そのような不安から、自己破産をためらっていらっしゃる方も少なくありません。

確かに自己破産の手続きをすると、その後事業を立ち上げる際に制約が生じることもあります。自己破産の手続きをしたことについて、一定期間は銀行などの金融機関が融資の審査の際に参照する「信用情報」に登録されるからです。

しかし、自己破産の手続きをしたからといって、永遠に融資を受けられなくなってしまうわけではありません。

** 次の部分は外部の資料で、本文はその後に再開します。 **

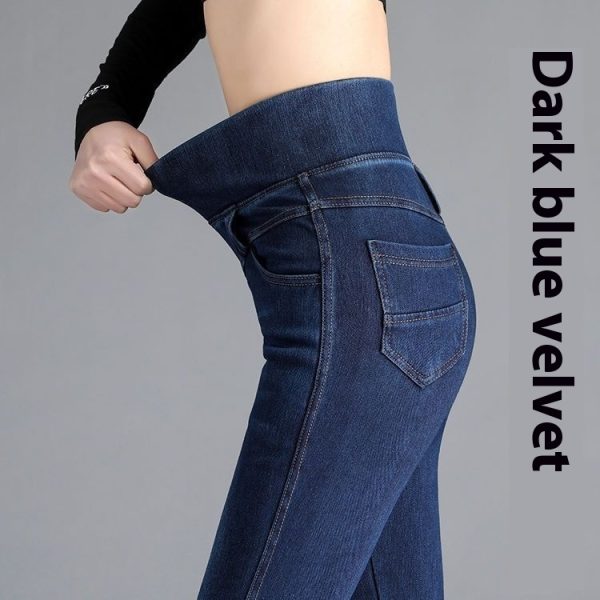 Elastic Waist High Waist Jeans For Women Spring And Autumn - Image 9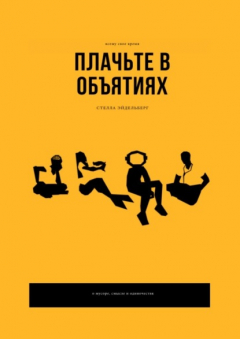 Книга Плачьте в объятиях на ReadRate.com книга Плачьте в объятиях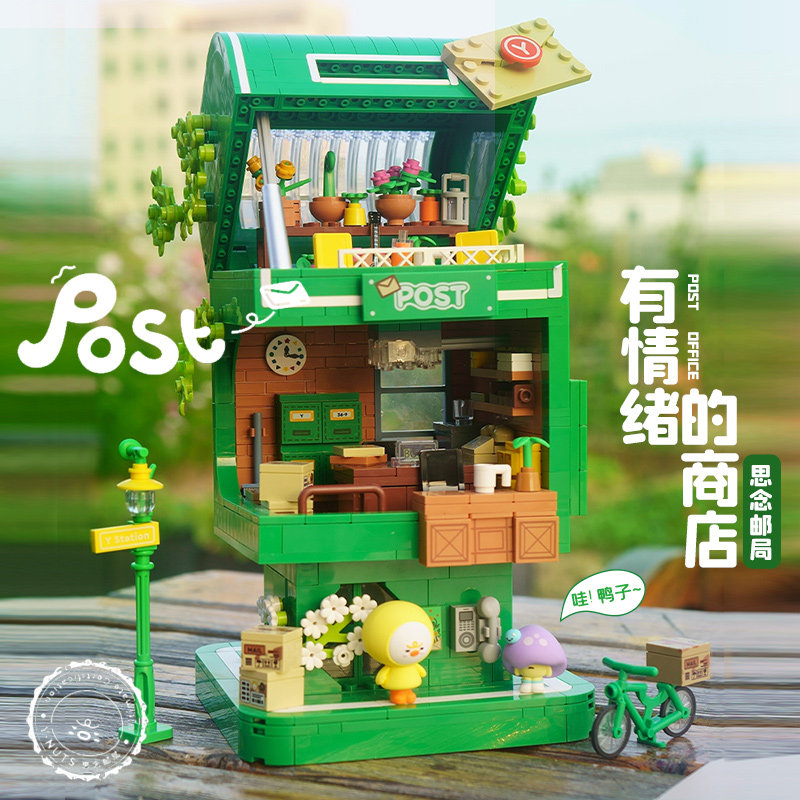 邮局积木拼装玩具六一儿童节礼物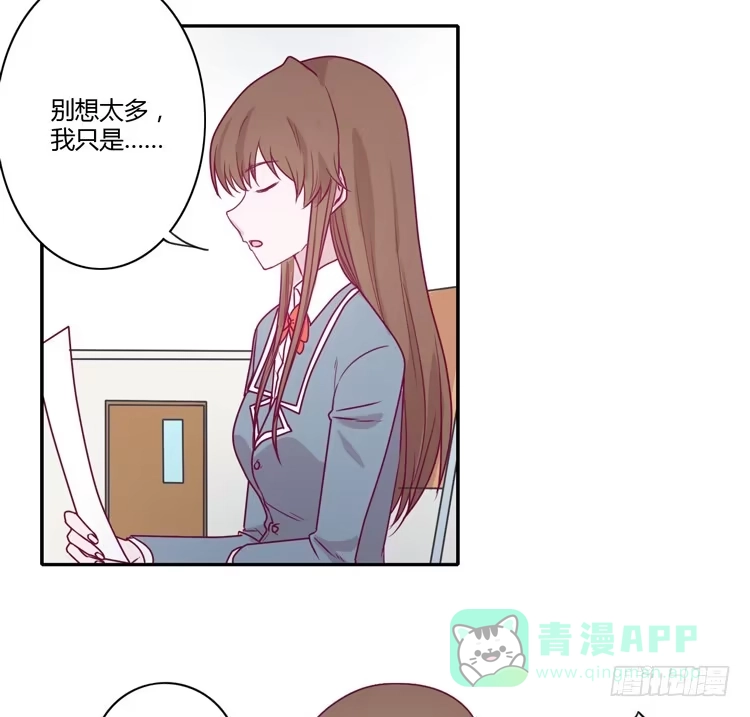 《我与秋田》小田，你该知道真相了 第51页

自己破産の手続きを行ったという情報は、5~7年程度で、「信用情報」から削除されるからです。
また、自己破産の手続きをした人の事業への再チャレンジを応援する融資も存在します。
自己破産を迷っている方は、自己破産が銀行融資に及ぼす影響を理解された上で、決断されることをお勧めします。

この記事では、次のことについて弁護士が解説します。

  • 自己破産の手続き後に銀行からの融資は受けられるのか
  • 再挑戦支援資金(再チャレンジ支援融資)とは何か
  • 自己破産の手続き後に起業する場合、どのような制約がありえるか
この記事の監修弁護士
弁護士 谷崎 翔

早稲田大学、及び首都大学東京法科大学院(現在名:東京都立大学法科大学院)卒。2012年より新宿支店長、2016年より債務整理部門の統括者も兼務。分野を問わない幅広い法的対応能力を持ち、新聞社系週刊誌での法律問題インタビューなど、メディア関係の仕事も手掛ける。第一東京弁護士会所属。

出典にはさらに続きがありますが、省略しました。